If you are interested in using this material in your research, we kindly request you to cite the following publication:

M. Bazrafshan and N. Gatsis, "Comprehensive modeling of three-phase distribution systems via the bus admittance matrix," IEEE Trans. Power Syst., to be published, doi: 10.1109/TPWRS.2017.2728618. See the arXiv version.

Code description

An explanation is provided here for the most important scripts of this folder to simplify usage. Some additional scripts are also within the folder that replicate the results of the cited paper.

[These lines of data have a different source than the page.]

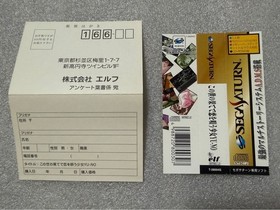 Sega Saturn YU-NO A Girl Who Chants Love at the End of the World SS Soft Elf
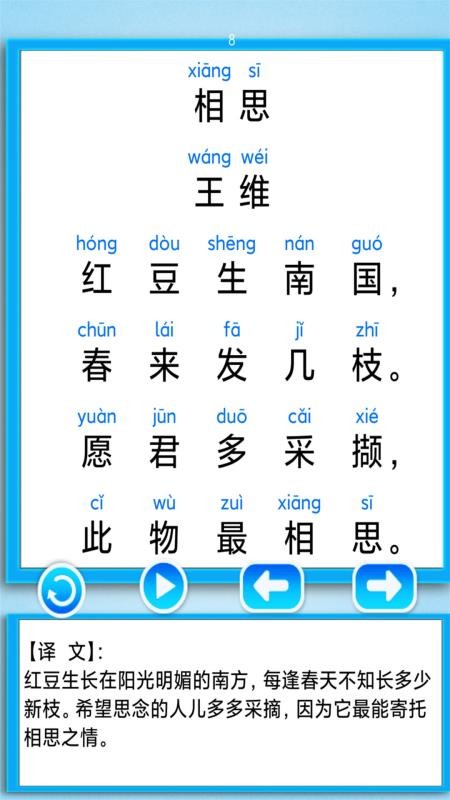 汉语拼音学习宝软件 v1.0.10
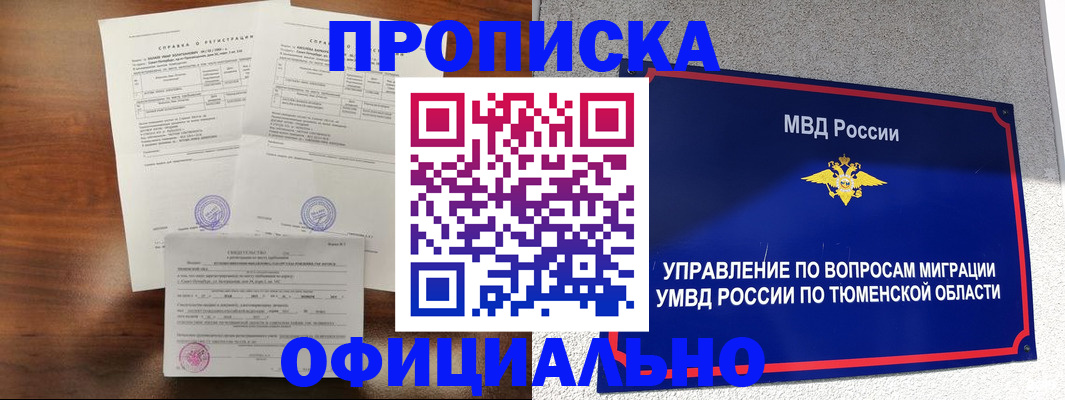 прописка ребенка в Омской области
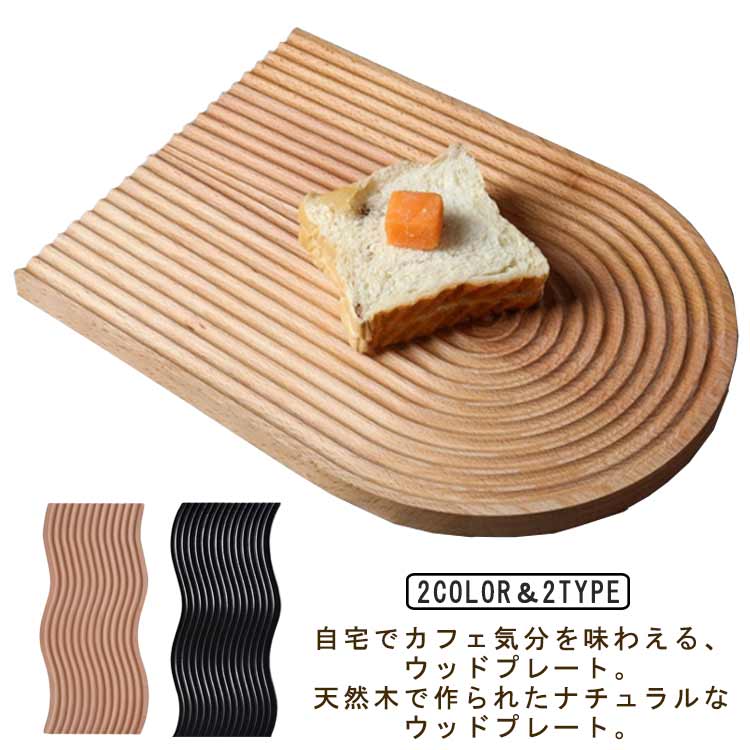 自宅でカフェ気分を味わえる、ウッドプレート。天然木で作られたナチュラルなウッドプレート。表面はラインに沿って深く掘られ、波型とアーチ型にカットされています。パンやマグカップを乗せて トレイにすれば、お家でおしゃれな カフェ気分を味わえます!どんなシーンにでも使いやすいデザインのウッドトレイなので、アクセサリーや鍵、腕時計などの小物置きとしてもGood!お気に入りのアクセサリーや小物を置いたり、カップを置いてカフェトレイとして使用したり。壁に立てかけてオブジェとしてお部屋に飾るのもおすすめです。サイズFサイズについての説明サイズ:アーチ:32.5x24.5x2cm ウェーブ:39x18.5x2cm※サイズ計測には誤差が生じます。素材木色ナチュラル(アーチ) ブラック(アーチ) ナチュラル(ウェーブ) ブラック(ウェーブ)備考サイズ詳細等の測り方はスタッフ間で統一、徹底はしておりますが、実寸は商品によって若干の誤差(1cm〜3cm )がある場合がございますので、予めご了承ください。製造ロットにより、細部形状の違いや、同色でも色味に多少の誤差が生じます。パッケージは改良のため予告なく仕様を変更する場合があります。▼商品の色は、撮影時の光や、お客様のモニターの色具合などにより、実際の商品と異なる場合がございます。あらかじめ、ご了承ください。▼生地の特性上、やや匂いが強く感じられるものもございます。数日のご使用や陰干しなどで気になる匂いはほとんど感じられなくなります。▼同じ商品でも生産時期により形やサイズ、カラーに多少の誤差が生じる場合もございます。▼他店舗でも在庫を共有して販売をしている為、受注後欠品となる場合もございます。予め、ご了承お願い申し上げます。▼おしゃれ 木製トレイ ディスプレイ ウ キッチン用品 食器 調理器具 早い者勝ち ナチュラル(アーチ) ブラック(アーチ) ナチュラル(ウェーブ) ブラック(ウェーブ)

The modeling presented here takes into account mixed wye and delta ZIP loads, even though the model in the cited paper only assumes wye or delta ZIP loads.

main.m

This script is the starting point. It contains all the necessary steps from modeling, to computation of voltages as well as comparisons between solutions.

setupYbus<NetworkName>.m

This function uses the data files of the folder feeder data provided from PES to create the bus admittance matrix.

List of outputs

• network a structure with the following fields
  • Sbase Network power base
  • Vbase Network voltage base
  • Zbase Network impedance base
  • Ynet Bus admittance matrix including the slack bus
  • Y Bus admittance matrix excluding the slack bus
  • Y_NS The portion of bus admittance matrix relating the network to the slack bus
  • Y_SS The portion of bus admittance matrix relating only to the slack bus

The output of this function should typically be input to the function computeNoLoadVoltage.m.

List of inputs

• regulatorTypes (optional) a string set to either 'ideal' or 'non-ideal' determining whether step-voltage regulators should be modeled as ideal or lossy. If not provided, 'non-ideal' regulators are assumed.
• epsilon (optional) determines the value of the Epsilon needed to adjust the delta-connected transformers to ensure invertibility. If not provided, a default of 1e-5 is assumed.

computeNoLoadVoltage.m

This function computes some required no-load quantities for the network.

List of outputs

• network a structure with the following additional field:
• noLoadQuantities is itself an structure that has the following fields:
• v0mag Vector of magnitude for the slack bus voltage phasor
• v0phases Vector of phases in degrees for the slack bus voltage phasor
• v0 Vector of slack bus complex voltage phasor
• w Vector of no-load complex voltage profile for the network
• w3phase The no-load complex voltage profile organized in an (N+1)*3 matrix where the rows determining the bus numbers and the columns determine the phases.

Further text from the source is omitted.